INFORMATION SUPPLIED:
>>>
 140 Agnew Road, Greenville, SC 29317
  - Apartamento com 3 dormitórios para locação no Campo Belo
<<<
>>>
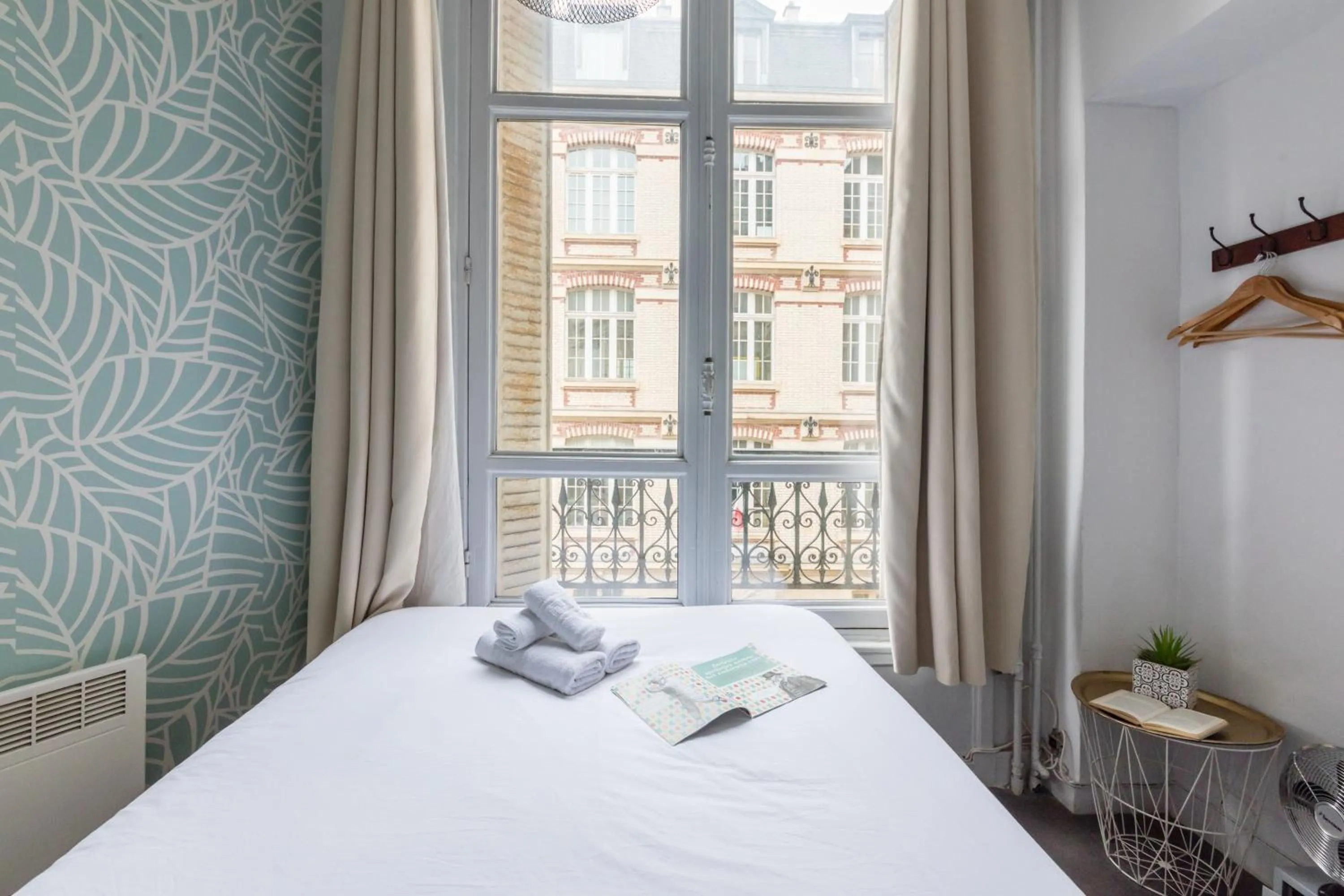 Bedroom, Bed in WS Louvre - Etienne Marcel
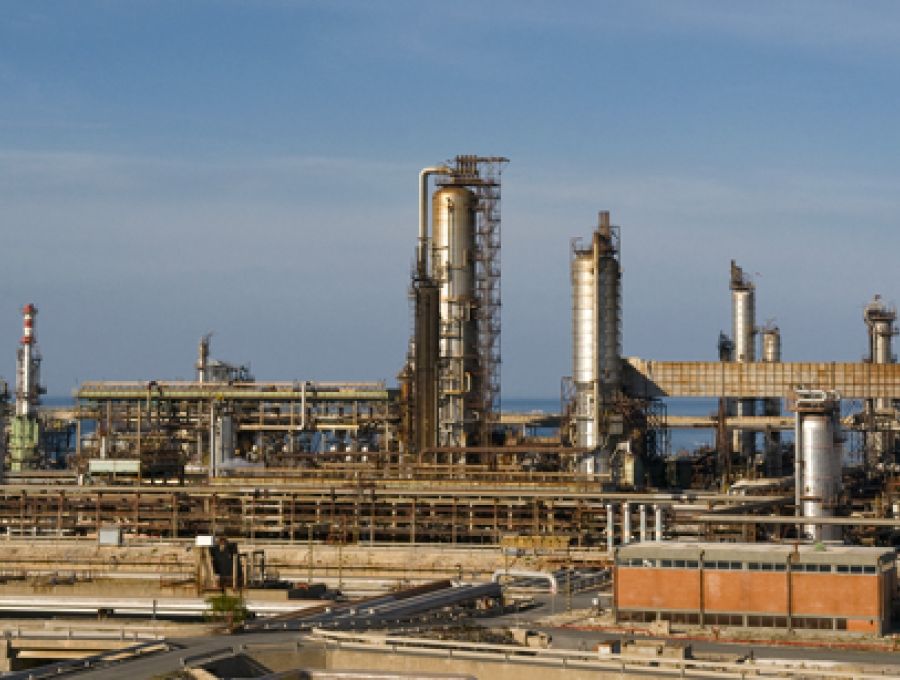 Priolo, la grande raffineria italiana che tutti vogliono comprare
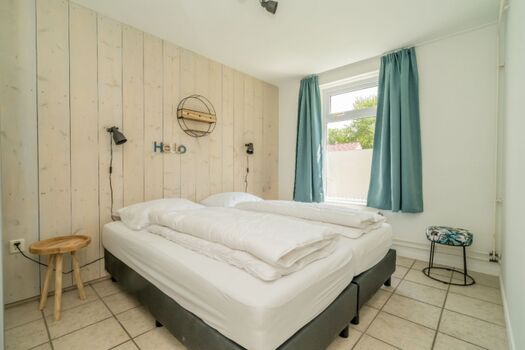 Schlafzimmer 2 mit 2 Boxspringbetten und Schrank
<<<
WHAT IS EXPECTED: Write out exactly the lines above between the line with "140 Agnew Road, Greenville, SC 29317" and the line with "- Apartamento com", inclusive, and nothing beyond them.

SOLUTION TO THIS TASK:
 140 Agnew Road, Greenville, SC 29317
  - Apartamento com 3 dormitórios para locação no Campo Belo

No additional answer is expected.